[YOUR TASK]:
Make an exact copy of all the records, one that contains none of the pictures.

+++ RAW DATA +++

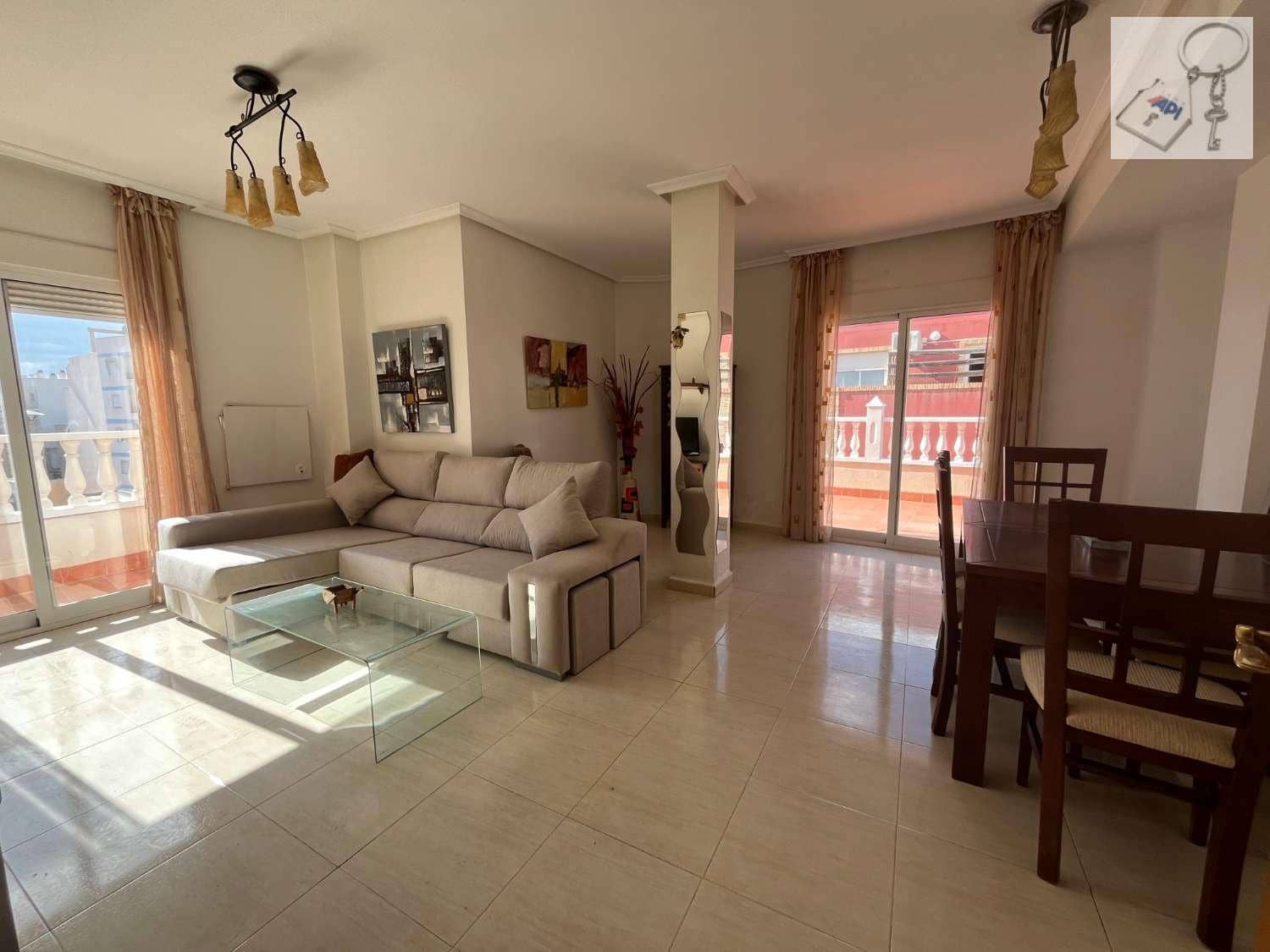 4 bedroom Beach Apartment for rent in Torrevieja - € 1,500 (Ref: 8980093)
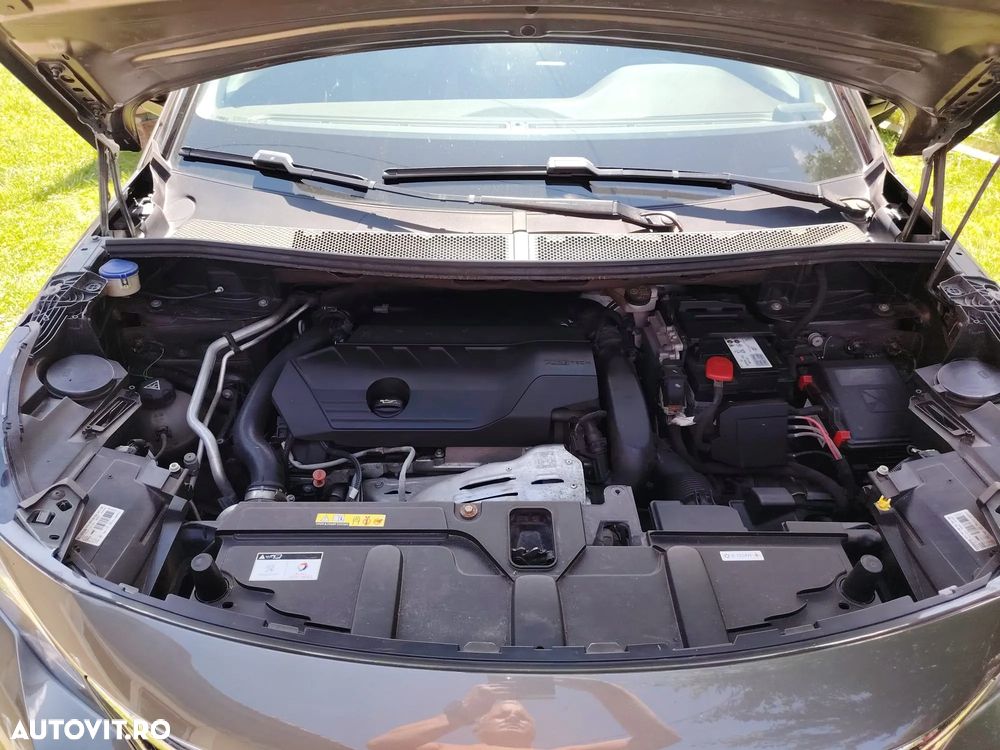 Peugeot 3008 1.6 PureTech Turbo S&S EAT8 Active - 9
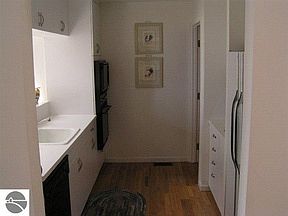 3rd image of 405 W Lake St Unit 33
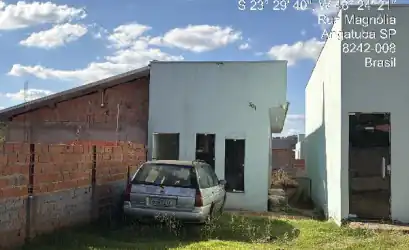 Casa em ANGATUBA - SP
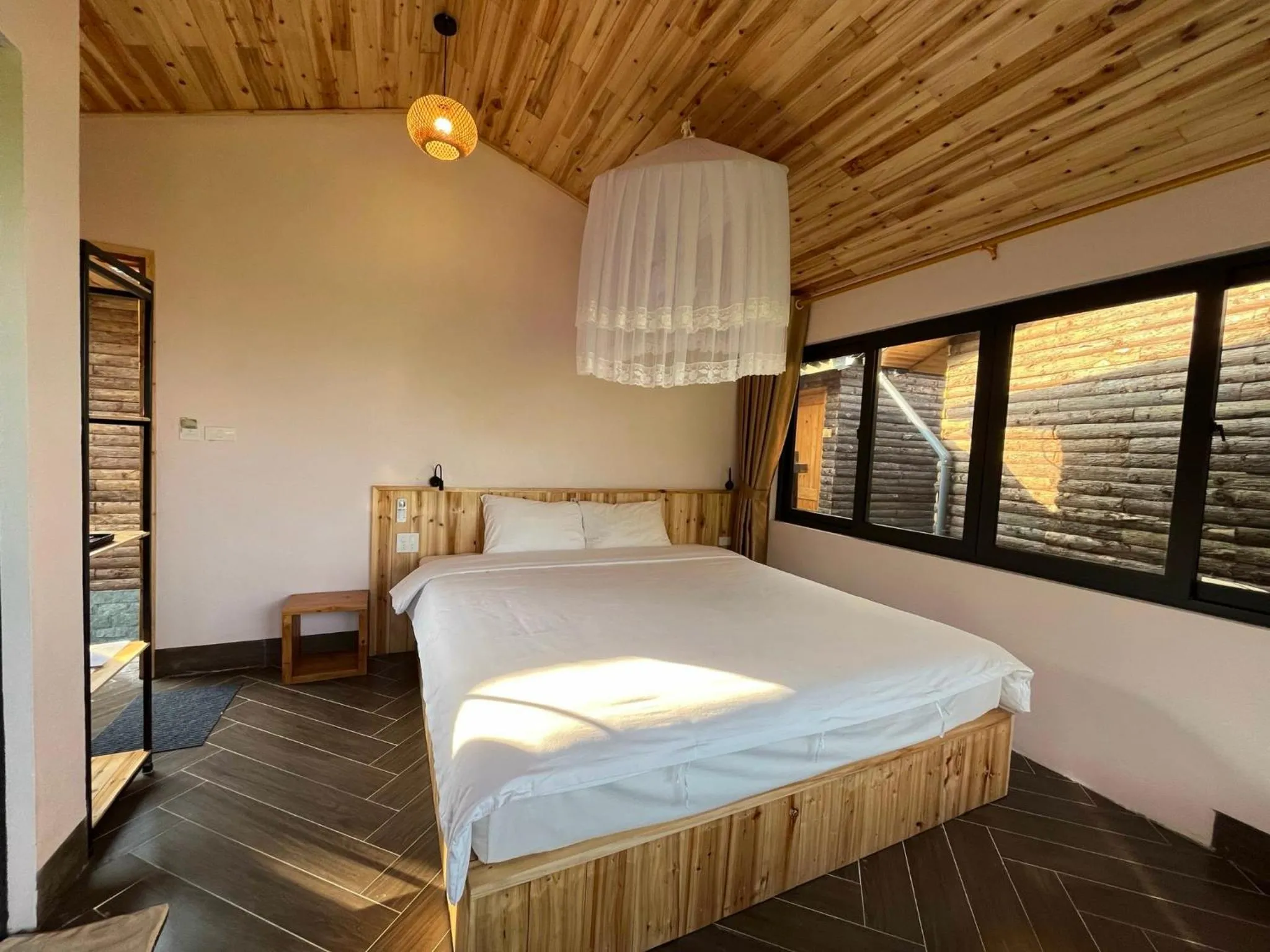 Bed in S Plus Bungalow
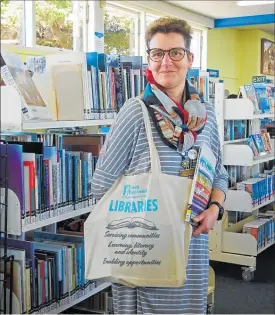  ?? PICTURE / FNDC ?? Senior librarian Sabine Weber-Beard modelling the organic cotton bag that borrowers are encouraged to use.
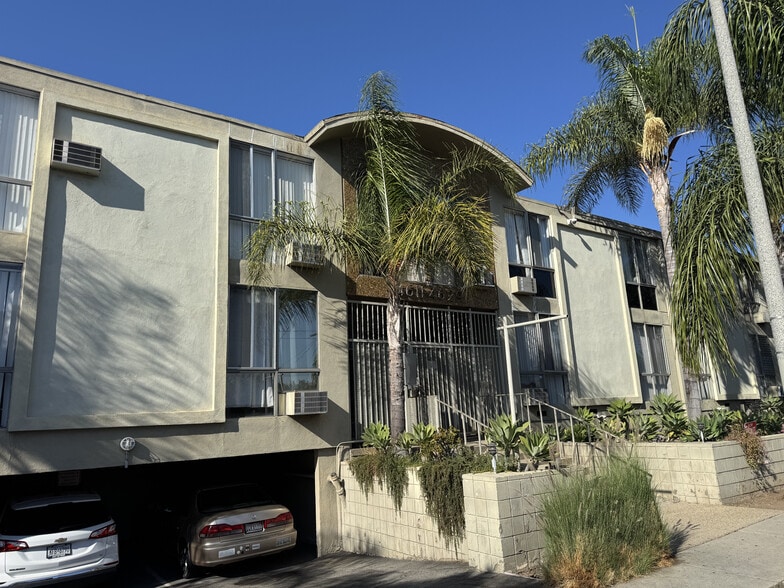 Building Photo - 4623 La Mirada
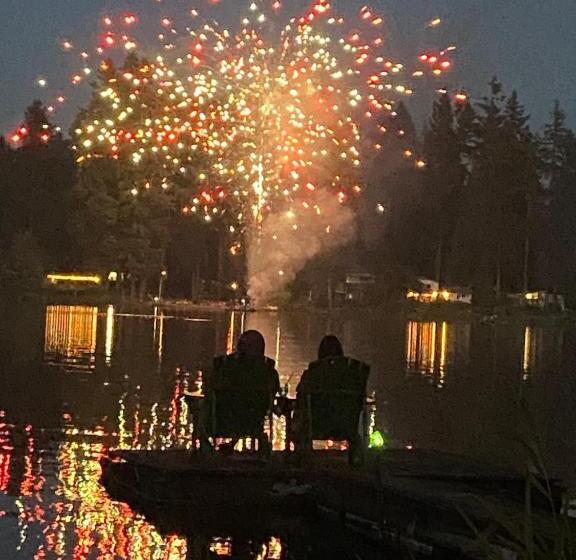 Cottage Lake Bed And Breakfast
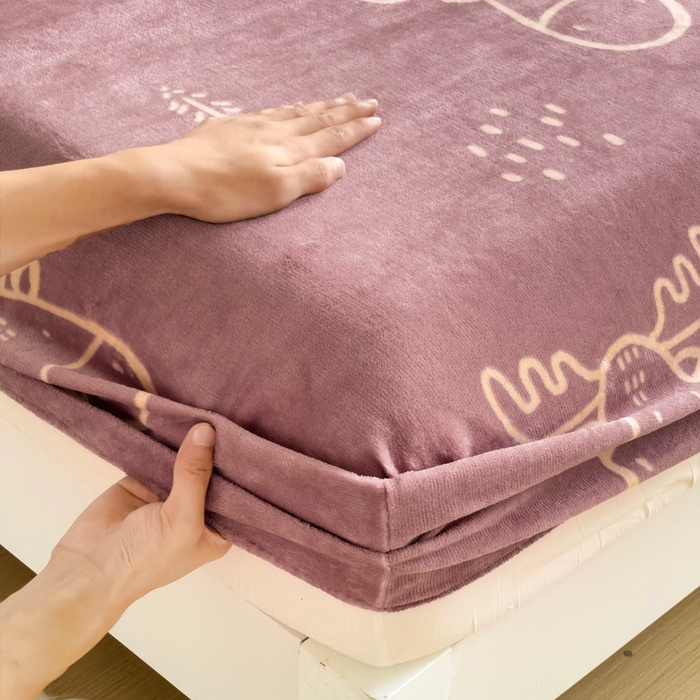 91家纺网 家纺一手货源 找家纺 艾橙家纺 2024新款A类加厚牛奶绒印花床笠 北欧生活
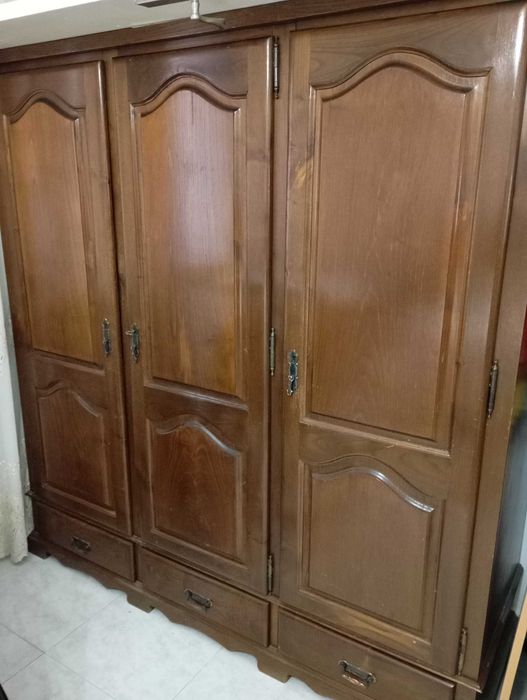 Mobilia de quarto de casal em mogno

+++

[ANSWER TO THIS PROBLEM]:
 4 bedroom Beach Apartment for rent in Torrevieja - € 1,500 (Ref: 8980093)
 Peugeot 3008 1.6 PureTech Turbo S&S EAT8 Active - 9
 3rd image of 405 W Lake St Unit 33
 Casa em ANGATUBA - SP
 Bed in S Plus Bungalow
  ?? PICTURE / FNDC ?? Senior librarian Sabine Weber-Beard modelling the organic cotton bag that borrowers are encouraged to use.
 Building Photo - 4623 La Mirada
 Cottage Lake Bed And Breakfast
 91家纺网 家纺一手货源 找家纺 艾橙家纺 2024新款A类加厚牛奶绒印花床笠 北欧生活
 Mobilia de quarto de casal em mogno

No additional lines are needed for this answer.